Lists
by Powell's Staff, June 3, 2020 9:05 AM
In the spirit of keeping things close to home, we would like to (re)acquaint you with seven phenomenal Portland writers whose work explores themes of gender, sexuality, queerness, and community. The works below encompass short stories, novels, poetry, memoir, and humor, and in unique ways expand the reader’s notions of love, selfhood, and family.
I Loved You More
by Tom Spanbauer
Tom Spanbauer is a legendary writing teacher in Portland, and a wonderful novelist whose emotionally rich work explores identity and relationships. I Loved You More is a classic love triangle that centers queer experience. In Doug’s words, “Just when Tom Spanbauer's novel fills you with despair, it picks you up with an absurd, dark humor. Reach for this book if you want a slow, meaty read where you can savor the quirky spoken feeling of the narrator's voice. Read it if you want to hear the lie that tells the truth. If you want to live in the thoughts and pain and discovery and selfishness and generosity of the storyteller.”

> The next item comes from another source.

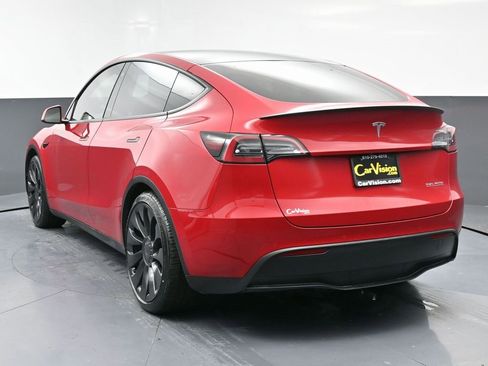 Used 2021 Tesla Model Y Performance image 8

Naked: The Rhythm and Groove of It. The Depth and Length to It.
by Nastashia Minto
Local writer Nastashia Minto’s debut, Naked: The Rhythm and Groove of It. The Depth and Length to It., uses poetry and memoir to explore the ways her identity emerges from a confluence of queerness, sexuality, trauma, love, race, faith, and family history. Minto is as good as her word, crafting pieces that bare both her life’s triumphs and moments of terrible fear with candor and a heart-thumping rhythm, at times veering into the cadence and excitement of slam poetry.
The Remnants
by Robert Hill
Gigi writes, “It’s tea time for two of the three remaining residents of New Eden. He’s 99, she’s about to turn 100. Heading their way, hoping to break up this tea, is the third human still standing in this strange, isolated town, himself a spry 89 years old and carrying with him the deep secret he’s been holding all his adult life. Robert Hill’s marvelously bizarre tale is full of rollicking weirdness, quirky characters with names like Brisket Whiskerhooven and Remedial Bliss — and some of the best, most brilliant wordsmithing I’ve ever read. But though I could joyfully swallow this book whole for the writing alone, Hill’s voice-magic and humor never get in the way of — and in fact somehow enhance — the deep-down humanness and sadness and beauty of the story. The Remnants is truly a book unlike any I’ve read before.”
Verge
by Lidia Yuknavitch
Lidia Yuknavitch is a one of the Powell's staff's favorite writers. It’s not just that she's lovely to work with, or that her writing is emotionally gripping; she is adored because her narrative flights into the dark, vulnerable corners of consciousness are powered by a wingspan broad enough to sweep the most marginalized voices into the centers of her stories. In Verge, her latest work, Yuknavitch focuses her attention on adults and children whose bodies and labor have been coopted and corrupted by capitalism, patriarchy, and complacency. It’s a collection that speaks to the present moment, combining a raw mix of the fury and darkness many people are feeling with the creativity and radical kindness we already possess, and can use to lift our communities out of crisis.
Being
by Zach Ellis
Ellis’s chapbook, published by local indie press Future Tense Books, is a powerful memoir about coming into self as a trans man. Being explores transitioning, fatherhood, sexual violence, and authenticity in a quick read that is poetic, candid, and brave.
Fetch
by Nicole Georges
Nicole Georges is an award-winning graphic memoirist and professor whose latest book, Fetch, is the hilarious and poignant coming-of-age story of the teenage Nicole and her tiny, terrifying Corgi-Shar-Pei mix, Beija. Beija misbehaves (a lot), but as she and Nicole navigate adulting and the Portland punk scene, she provides new levels of comfort and stability for her young owner, bringing her community and a new understanding of home. If you’re into comics, animals, memoir, bildungsroman, or the bygone years of punk Portland, Fetch should be at the top of your summer reading list.
Field Theories
by Samiya Bashir
We had to sneak this staff favorite onto the list, even though it meant missing the graphics deadline. Using the language of thermodynamics, Reed College professor Bashir crafts challenging, visually inventive poems that combine scientific vernacular (radiation, probability, blackbody, curves, coronagraphy) with folklore (John Henry) and contemporary issues to examine the ways the Black body is and has been interpreted by American society, and to subvert dominant interpretations. Field Theories is an extraordinary work, whose formal and linguistic complexity invite endless rereadings.